- [What the task requires]: When you retype the data, keep every word exactly and include none of the pictures.

Dataset content Start Marker

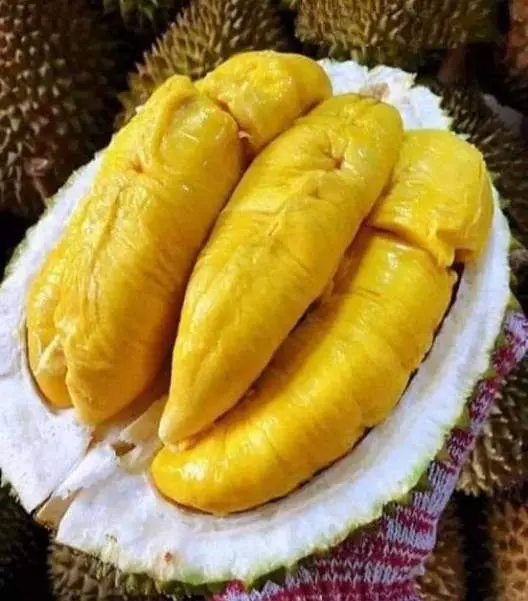 Поставщик/конкурентоспособная цена-высококачественное мясо MONTHONG/ RI6 DURIAN заготовки из Вьетнама/мисс Триш + 84 984 696 874 (WHATSAPP)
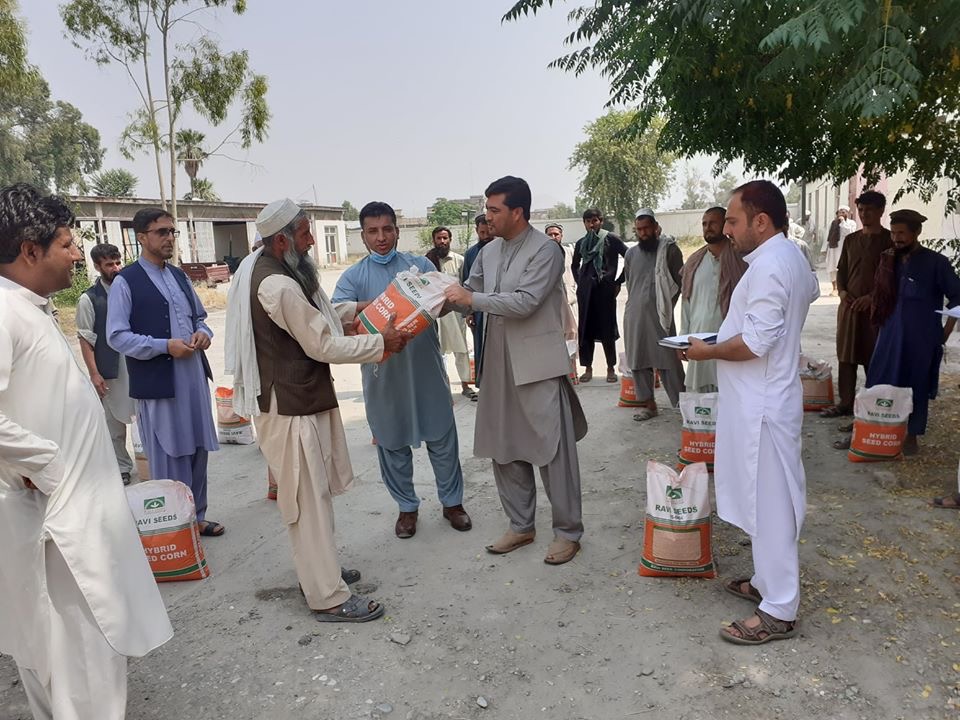 د ننګرهار په ۱۱ ولسوالیو کې د جوارو ننداریزې قطعې جوړیږي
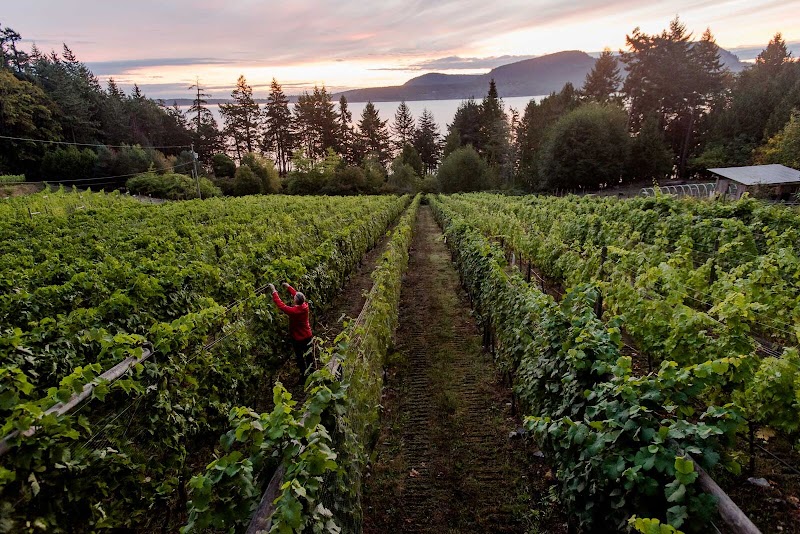Seastar Estate Farm and Vineyard 4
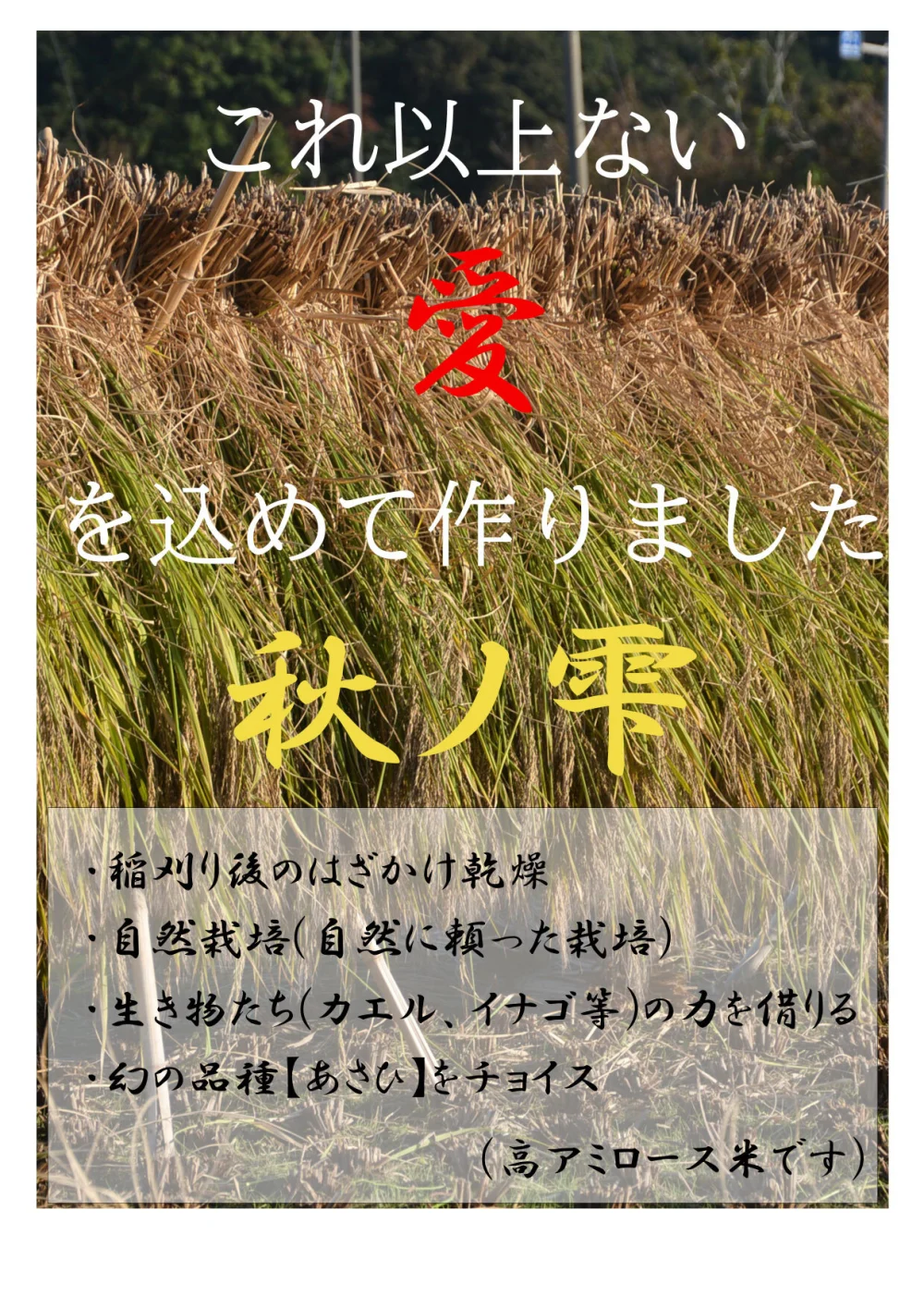 農薬化学肥料除草剤不使用 R5年度米愛媛県産ヒノヒカリ稲架掛け米 20kg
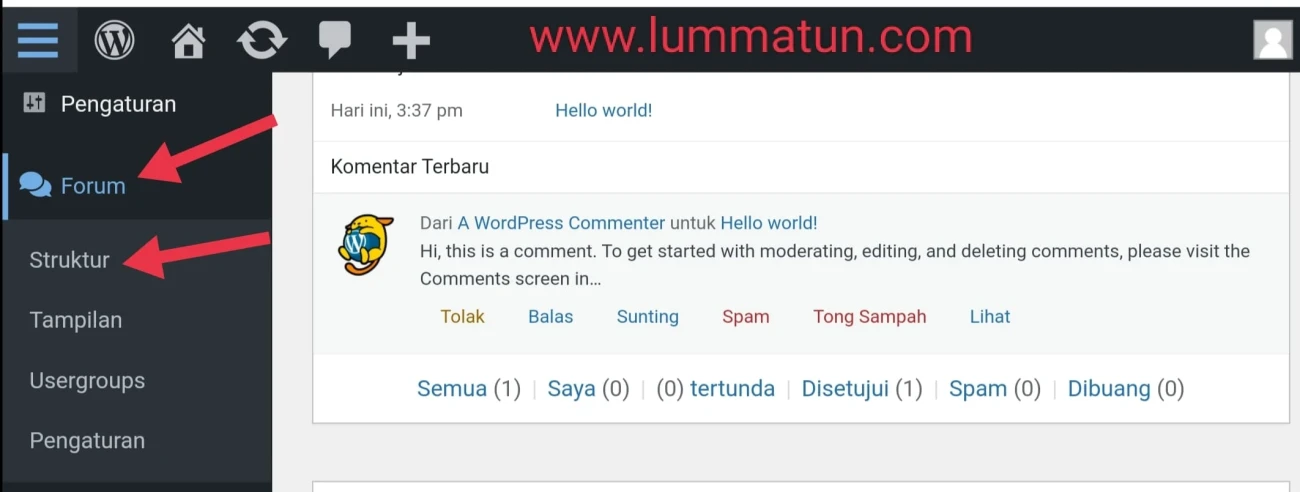 Cara Membuat Website Forum diskusi Online WordPress - Lummatun By Kang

Dataset content End Marker

- [Solution to this problem]:
 Поставщик/конкурентоспособная цена-высококачественное мясо MONTHONG/ RI6 DURIAN заготовки из Вьетнама/мисс Триш + 84 984 696 874 (WHATSAPP)
 د ننګرهار په ۱۱ ولسوالیو کې د جوارو ننداریزې قطعې جوړیږي
Seastar Estate Farm and Vineyard 4
 農薬化学肥料除草剤不使用 R5年度米愛媛県産ヒノヒカリ稲架掛け米 20kg
 Cara Membuat Website Forum diskusi Online WordPress - Lummatun By Kang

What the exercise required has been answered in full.